In the utility pole reinforcement method according to the present embodiment, the utility pole reinforcement mechanism 30 is inserted into the internal cavity 7 from the upper side in the vertical direction. Further, the utility pole reinforcing member 20 is inserted into the internal cavity 7 from the upper side in the vertical direction. As a result, the utility pole can be reinforced from the outside without excavating the ground or making a hole in the utility pole.

In the utility pole reinforcement method according to the present embodiment, when the above-mentioned formula (3) is satisfied, three utility pole reinforcement members 20 are installed in each of the plurality of compartments V. Further, when the above-mentioned formula (4) is satisfied, the four utility pole reinforcing members 20 are installed in each of the plurality of compartments V. As a result, the hollow utility pole 1 is satisfactorily reinforced.

In the utility pole reinforcement method according to the present embodiment, the filler 60 is supplied to the internal cavity 7, and a plurality of electric current reinforcing members 20 installed in the internal cavity 7 are embedded in the filler 60. Then, the filler 60 supplied to the internal cavity 7 is cured, and the utility pole reinforcing mechanism 30, the plurality of utility pole reinforcing members 20, and the hollow utility pole 1 are integrated. As a result, the hollow utility pole 1 is further reinforced.

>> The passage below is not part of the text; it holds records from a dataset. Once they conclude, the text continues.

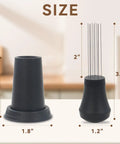 Espresso Distribution Tool With 0.4mm 10 Needle Stirrer for even extraction shown with 3.65-inch height and 1.2-inch diameter
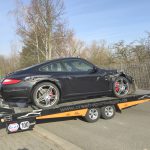 Porsche 997 Carrera Unfall hänger www.crash-sportwagen.de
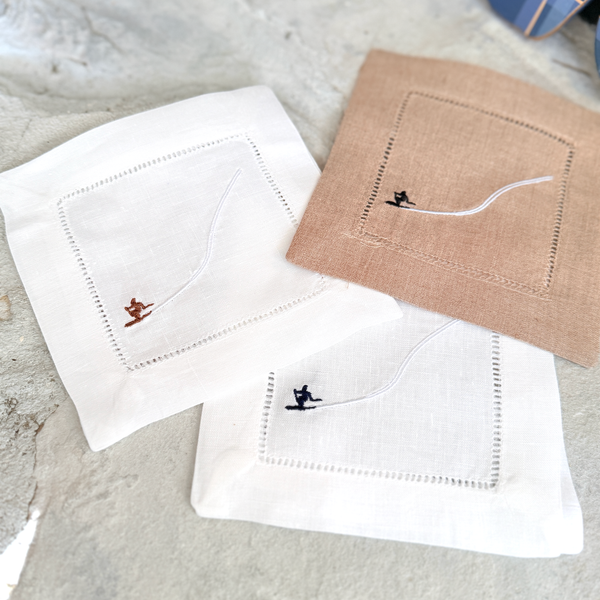 Downhill Ski Cloth Cocktail Napkins, Set of 4, Skiing Linen Cocktail Cloth Napkins - White Tulip Embroidery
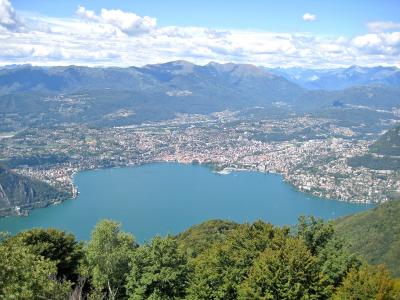 Lugano and its lake seen from Monte Sighignola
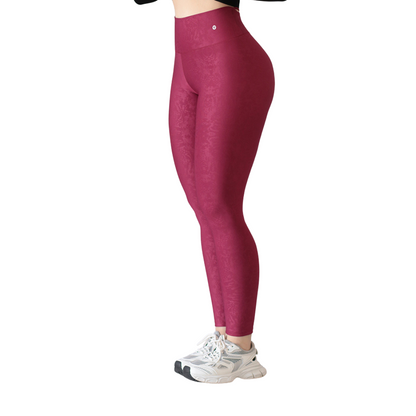 Leggings Deportivos para Mujer Fitness:  Efecto Push Up, Cintura Alta, Textil Lycra Transpirable con Relieves abstracto, Color Tinta | Adriana Olimpo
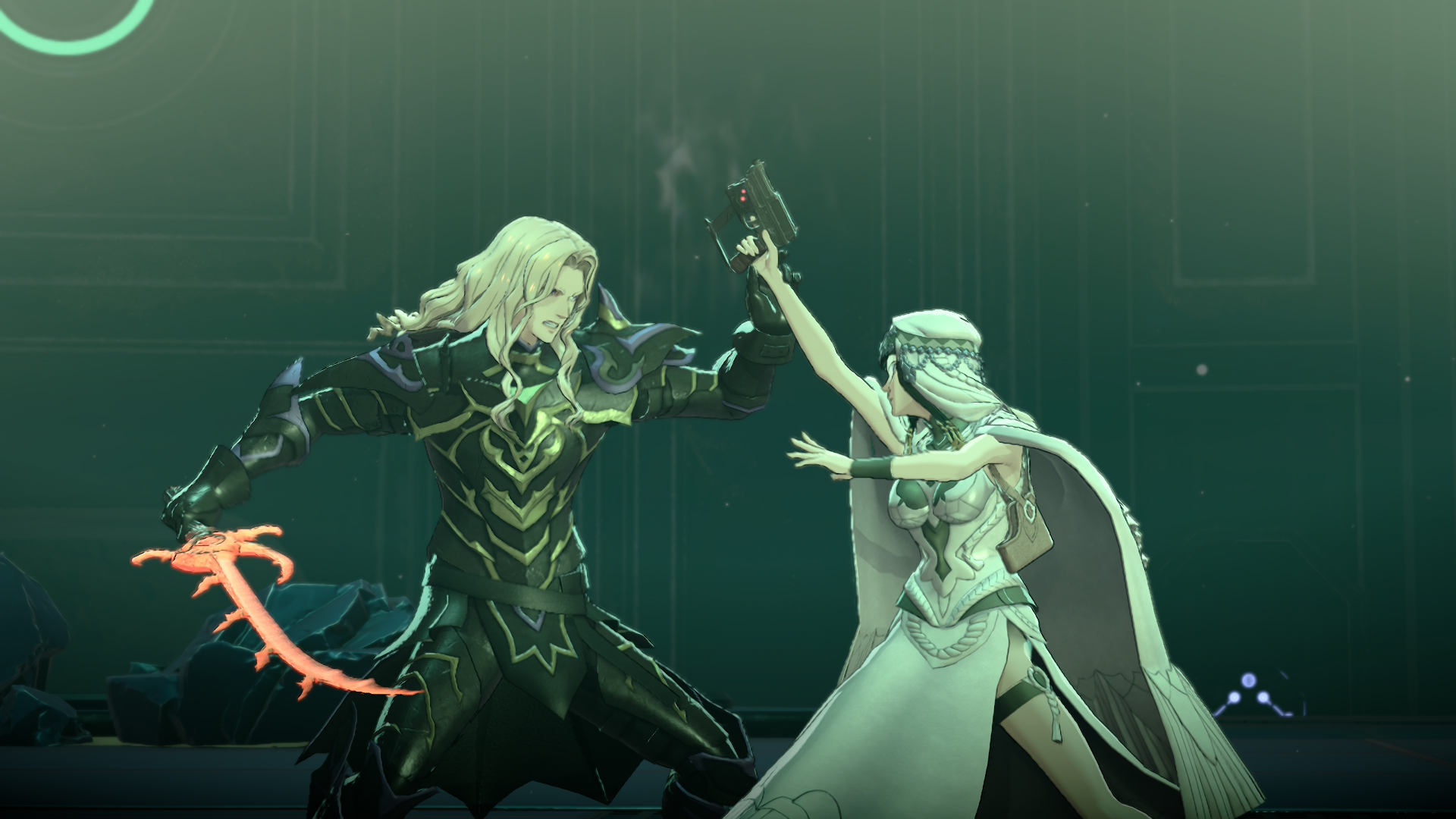 Dietrich fights a woman with a gun in Fire Emblem: Fortune's Weave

In the utility pole reinforcement method according to this embodiment, the hollow utility pole is formed from a steel pipe column. Further, the plate portion 37 (blocking plate) is formed of a material having the same linear expansion coefficient as the linear expansion coefficient of the steel pipe column or the linear expansion coefficient of the filler. The utility pole reinforcing member is formed of a material having the same coefficient of linear expansion as that of the steel pipe column. As a result, it is possible to prevent the expansion of the reinforcing portion integrated with the hollow utility pole 1 and the expansion of the hollow utility pole 1 from being significantly deviated from each other. Therefore, the load on the hollow utility pole 1 is suppressed.

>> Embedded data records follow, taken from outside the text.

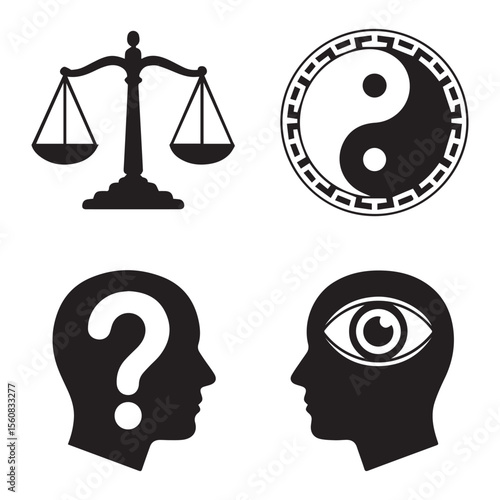 Scales yin yang question mark eye heads scales of justice
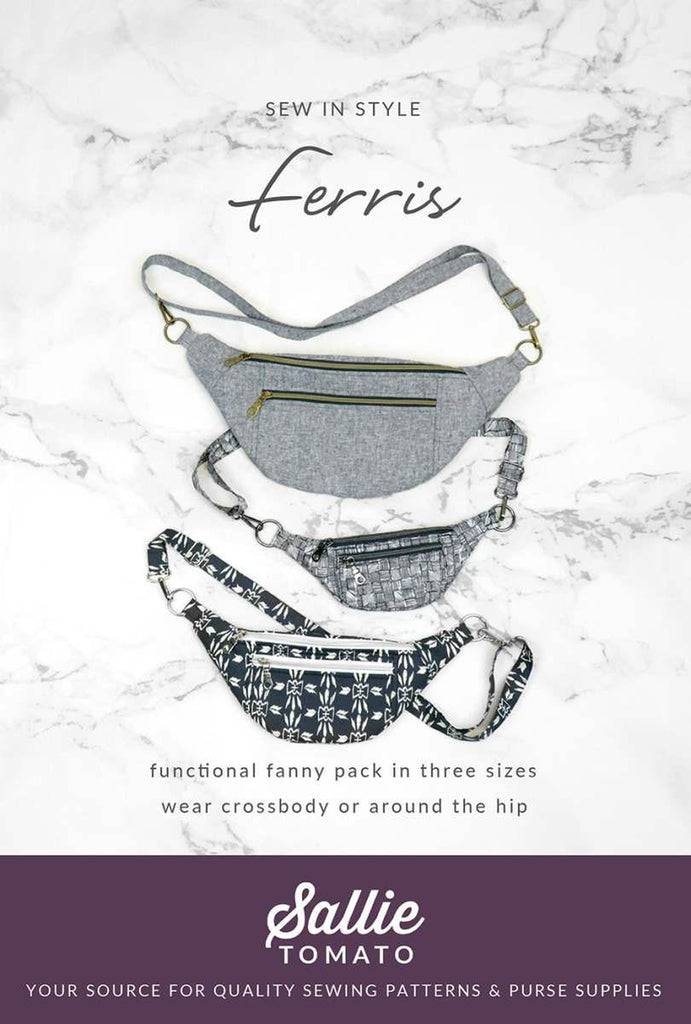 Image of the Ferris Bag Pattern by Sally Tomato for Riley Blake Designs. Features a fanny pack that can be fully customized in many colors. 
Cute Little Fabric Shop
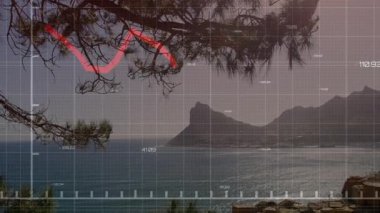 Izgara örtüşmesi zayıflıyor, kıyı boyunca etiketlerin güncellenmesiyle dalgalanan kırmızı veri hattı eğilimleri gösteriyor. Deniz manzarası, analitik, veri görselleştirme, sükunet, doğal manzara, minimalist, dijital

In the utility pole reinforcement method according to the present embodiment, the utility pole reinforcing member 20 is installed in any one of a plurality of compartments V of the hollow utility pole, and has a tapered shape having the same average taper as the average taper of the hollow utility pole 1. Be prepared. Thereby, the utility pole reinforcing member 20 can be arranged on the outer peripheral side in the first radial direction. Then, the utility pole reinforcing member 20 can come into contact with the inner surface 8 of the peripheral wall 5. Therefore, the hollow utility pole 1 can be reinforced with even higher strength.

The present invention is not limited to the above embodiment, and can be variously modified at the implementation stage without departing from the gist thereof. In addition, each embodiment may be carried out in combination as appropriate, in which case the combined effect can be obtained. Further, the above-described embodiment includes various inventions, and various inventions can be extracted by a combination selected from a plurality of disclosed constituent requirements. For example, even if some constituent elements are deleted from all the constituent elements shown in the embodiment, if the problem can be solved and the effect is obtained, the configuration in which the constituent elements are deleted can be extracted as an invention.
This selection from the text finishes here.